A new wine label called Alma Terra, produced by a Washington geologist and a Yakima Valley winemaker, seeks to highlight how the taste of a varietal changes based on the vineyard location.
Alan Busacca, a well-known former research professor in geology, agriculture and soil science at Washington State University, and Robert O. Smasne, a prominent winemaker in the Yakima Valley, started the project about three years ago. And the first fruits of their labor recently hit the market.
"I had an interest in launching a wine label," Busacca said. "(Robert) and I were talking about what would make sense, what would be a little unique in the marketplace. We hatched the idea of a terroir series of wines."
Terroir is a French term for the effect of climate, soils, geology and vineyard practices on the flavor of wine.
And Alma Terra, a term meaning nourishing earth, was the perfect name for the project.
Partway into the 2006 harvest, the pair contacted the owners of Minick Vineyard in the Yakima Valley, Coyote Canyon Vineyard in the Horse Heaven Hills and Ciel du Cheval Vineyard on Red Mountain.
"We picked the three vineyards based on general vineyard setting," Busacca said. "We wanted a cool climate site, an intermediate warmth site and a very hot site."
Soils at the three vineyards also vary greatly, from about one foot deep at Minick to 30 feet deep on Red Mountain, he said.
Smasne suggested Syrah as the variety because it's "really responsive to its site," Busacca said.
"In order for us to make the best attempt to have the wines in the bottle express the character of the vineyard ... (we had to) make each of the wines in an identical fashion," he said.
That way variations in each of the three wines would be mostly a result of the site.
Jim Holmes, owner of the famed Ciel du Cheval Vineyard, said he was excited about the project.
"I think it's a great idea," he said. "I'm interested myself in the outcome."
He noted the high concentration of calcium carbonate in the soils of Red Mountain that results from very little rainfall as one of the growing area's most unique characteristics.
The three Syrahs produced from the 2006 harvest are now for sale in a boxed set, which includes a set of laminated cards explaining the project and a fourth bottle of wine that's a blend of the other three.
"When you taste the blend ... you go, 'Oh my gosh I can really taste the symphony of all three wines together,'" Busacca said, complimenting Smasne's vision for the project and his winemaking acumen.
The pair produced 500 boxed sets and an additional 50 cases of the blend for individual sale.
Smasne and Busacca also made a 2007 Viognier blend that's been released as a preview of the single-vineyard wines that likely will be ready next year.
Getting the new wine to market has been more of a challenge than expected, Busacca said.

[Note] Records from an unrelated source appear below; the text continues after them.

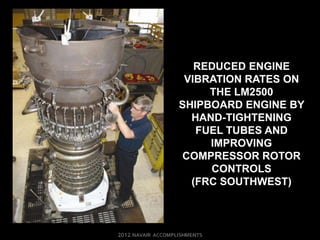 REDUCED ENGINE
 VIBRATION RATES ON
     THE LM2500
SHIPBOARD ENGINE BY
  HAND-TIGHTENING
   FUEL TUBES AND
     IMPROVING
COMPRESSOR ROTOR
     CONTROLS
  (FRC SOUTHWEST)
 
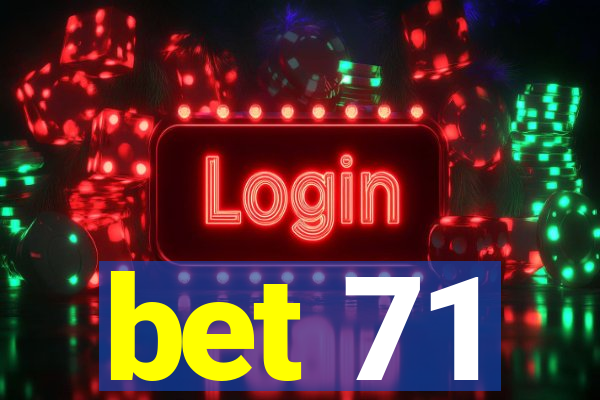 bet 71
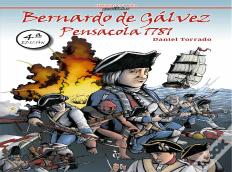 Bernardo De Galvez, Pensacola 1781
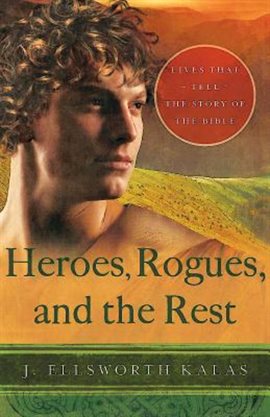 Cover image for Heroes, Rogues, and the Rest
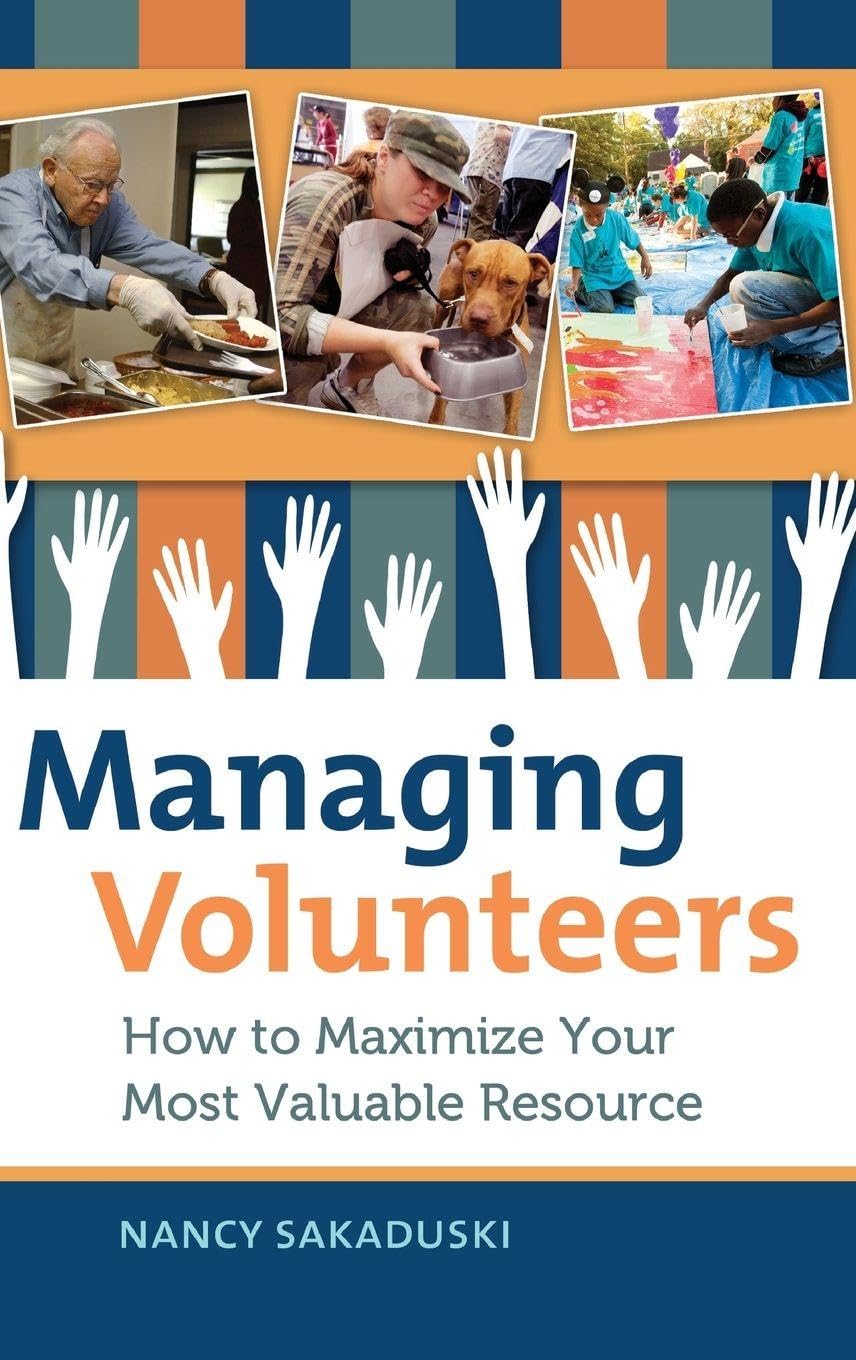 Managing Volunteers: How to Maximize Your Most Valuable Resource Law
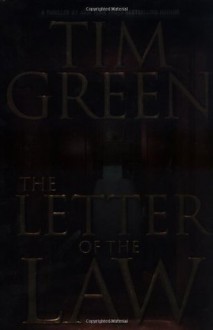 The Letter of the Law - Tim Green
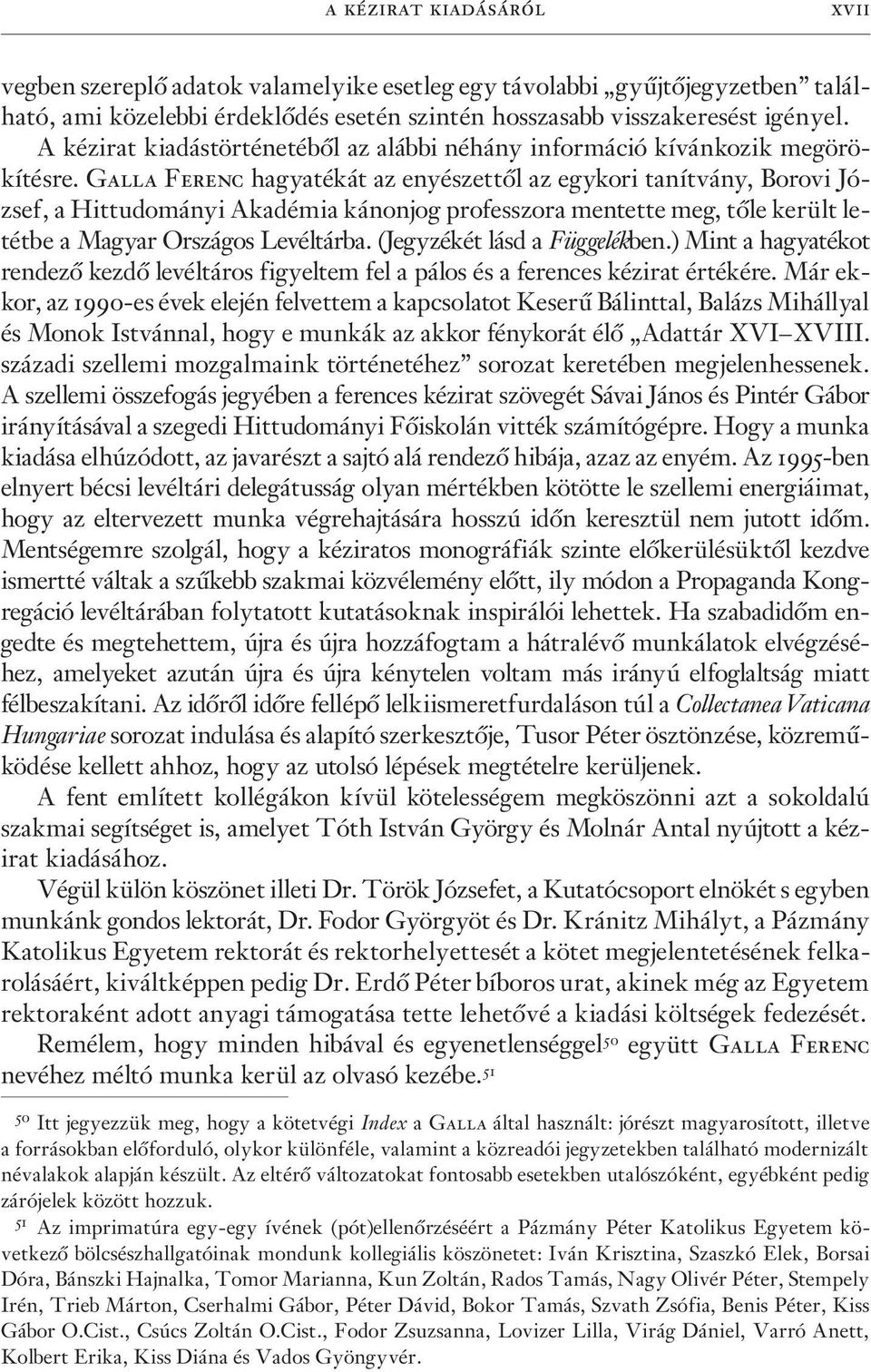 Galla Ferenc hagyatékát az enyészettõl az egykori tanítvány, Borovi József, a Hittudományi Akadémia kánonjog professzora mentette meg, tõle került letétbe a Magyar Országos Levéltárba.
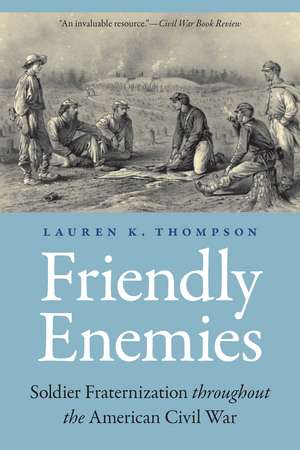 Friendly Enemies: Soldier Fraternization throughout the American Civil War de Lauren K. Thompson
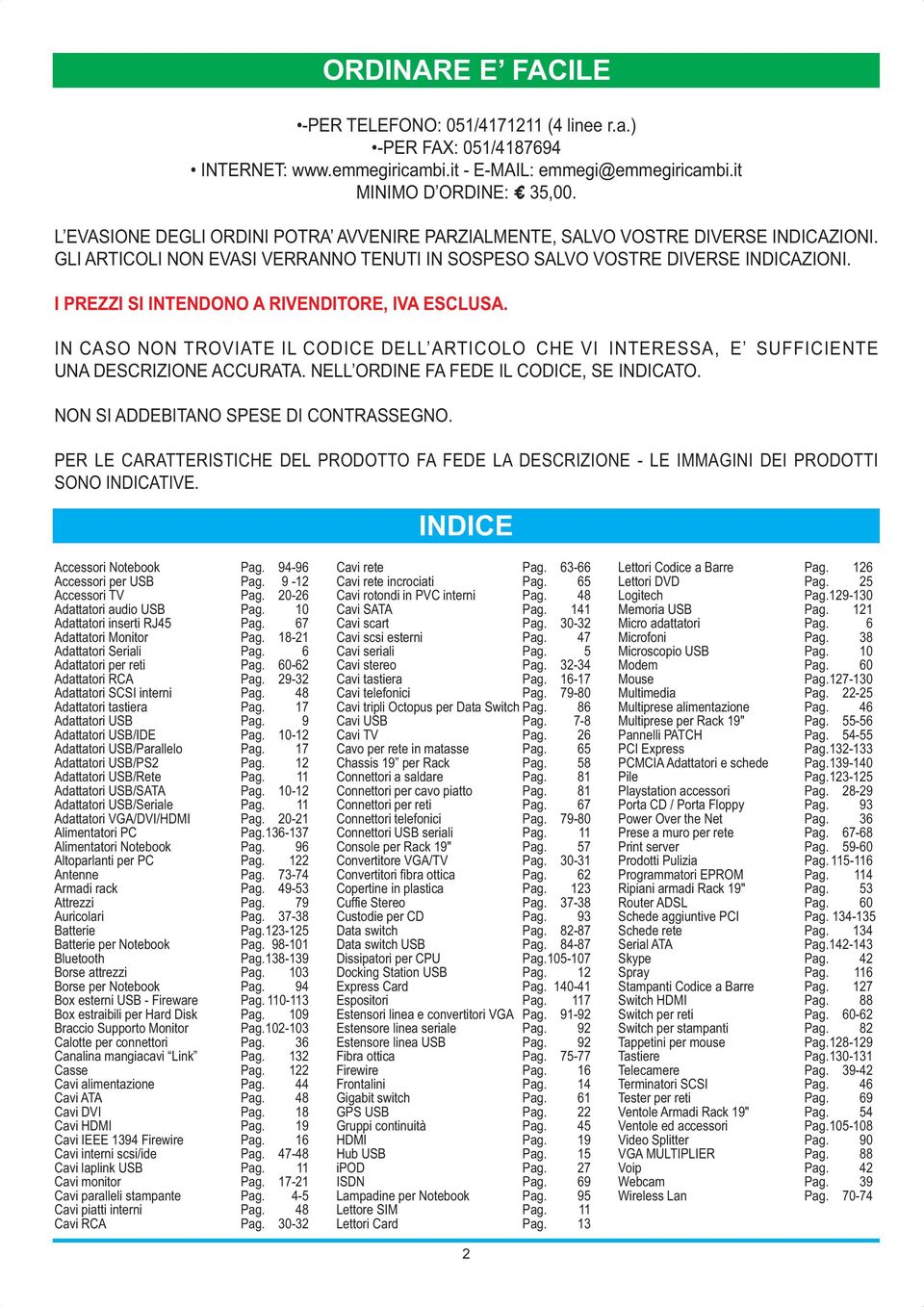 I PREZZI SI INTENDONO A RIVENDITORE, IVA ESCLUSA. IN CASO NON TROVIATE IL CODICE DELL ARTICOLO CHE VI INTERESSA, E SUFFICIENTE UNA DESCRIZIONE ACCURATA. NELL ORDINE FA FEDE IL CODICE, SE INDICATO.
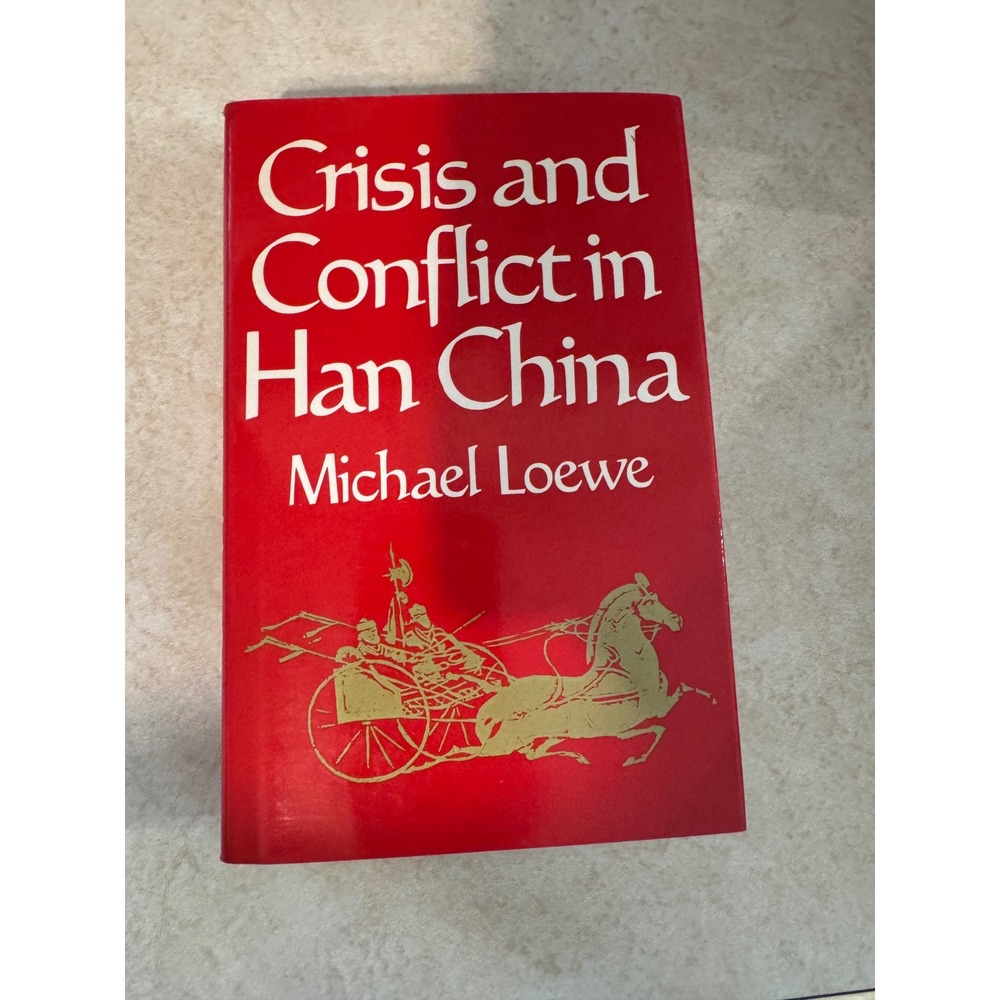 Crisis and Conflict in Han China 104 BC to AD 9 Michael Loewe 1974 First Edition
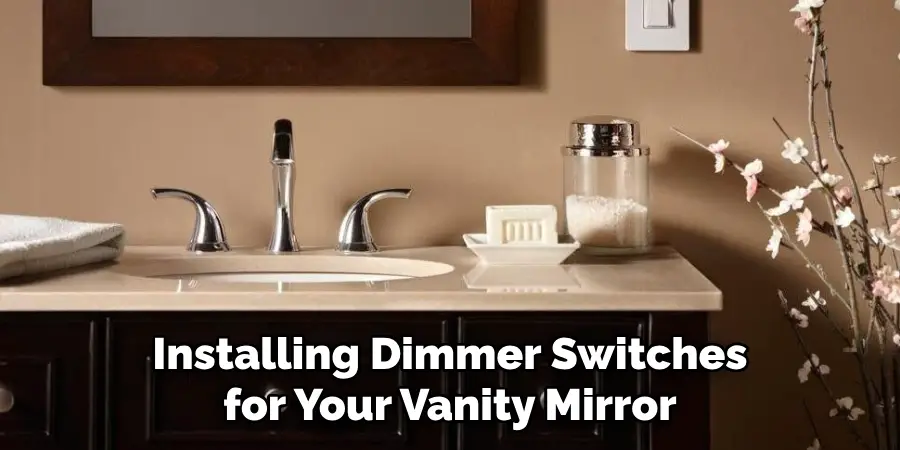 Installing Dimmer Switches for Your Vanity Mirror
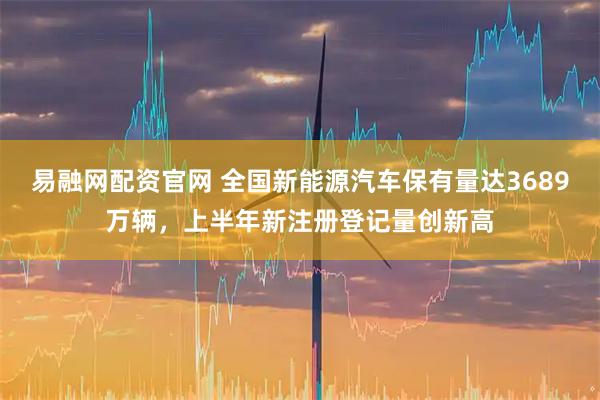 易融网配资官网 全国新能源汽车保有量达3689万辆，上半年新注册登记量创新高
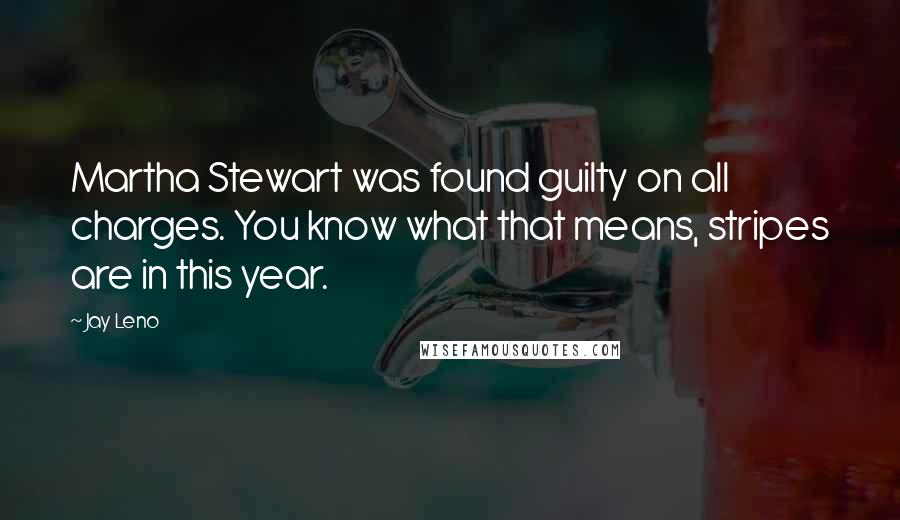 Jay Leno Quotes: Martha Stewart was found guilty on all charges. You know what that means, stripes are in this year.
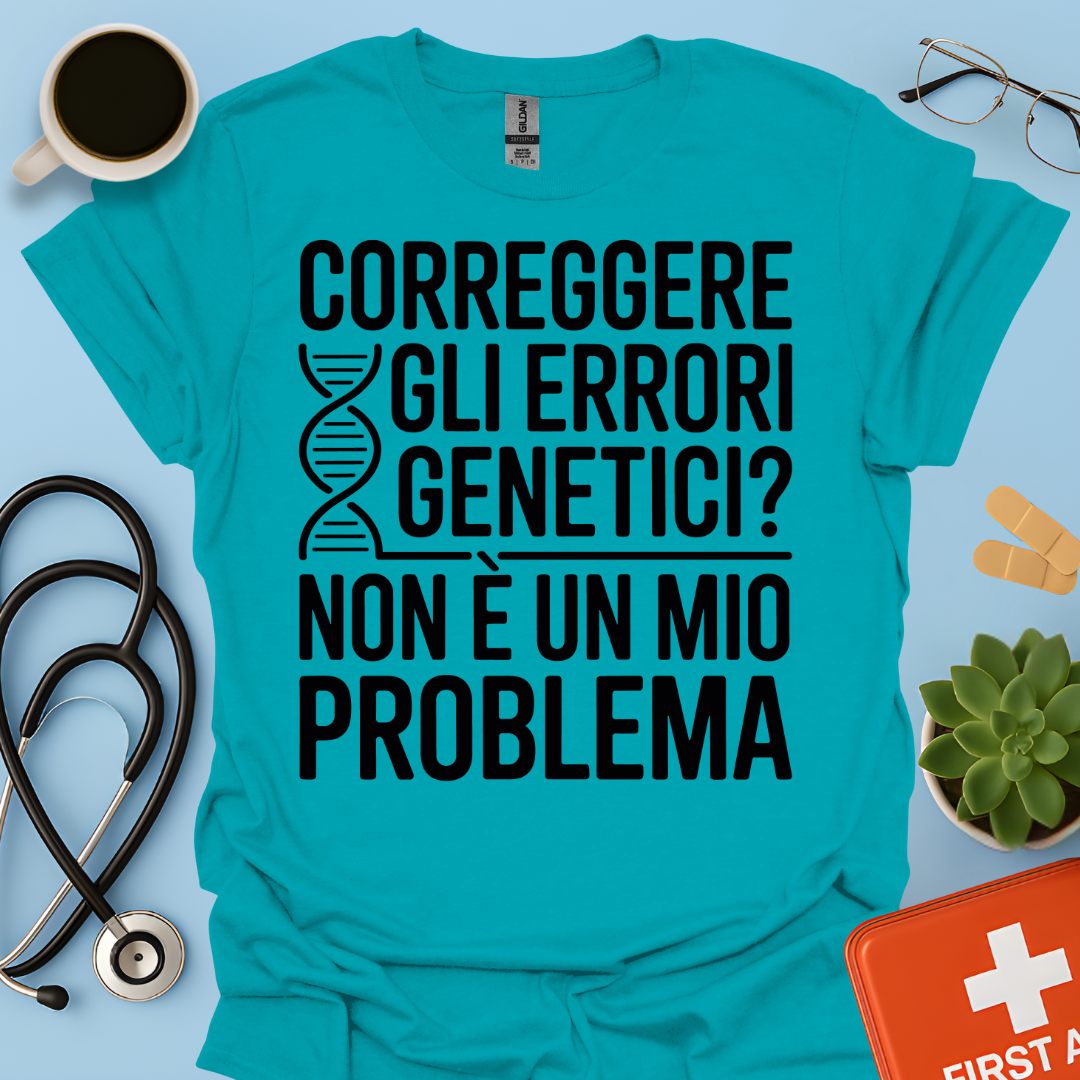 Correggere Gli Errori Genetici Non è Un Mio Problema - Medico Dottore Maglietta
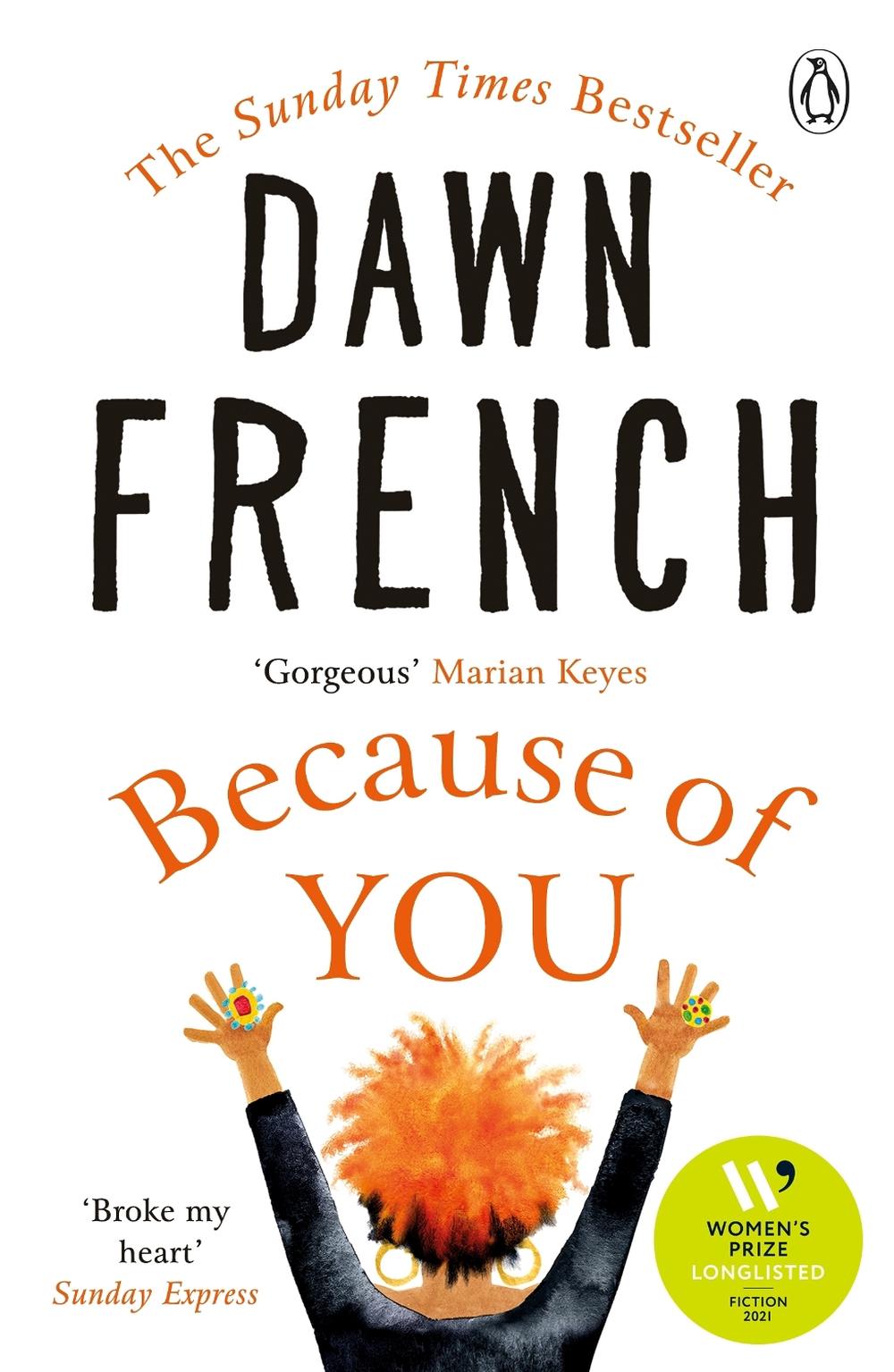 Because of You by Dawn French - ISBN: 9781405927338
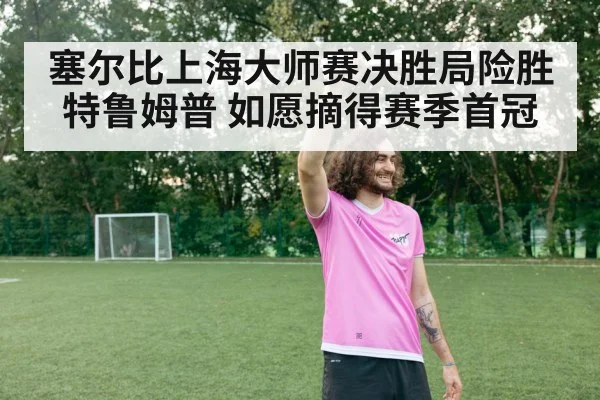 塞尔比上海大师赛决胜局险胜特鲁姆普 如愿摘得赛季首冠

And sales of more expensive wine have slowed with the economy, meaning many wine shops are hesitant to take on new high-end inventory, he added. The boxed set sells for $220.
He credited Kennewick's Sara Nelson Design for creating the look of the bottles.
The pair are happy with the results of their project so far, Busacca said. And while they may pursue other varieties down the line, they'll stick with the two they've got for now.
"Right now our focus is to tell the world about the syrah and viognier wines we have," Busacca said.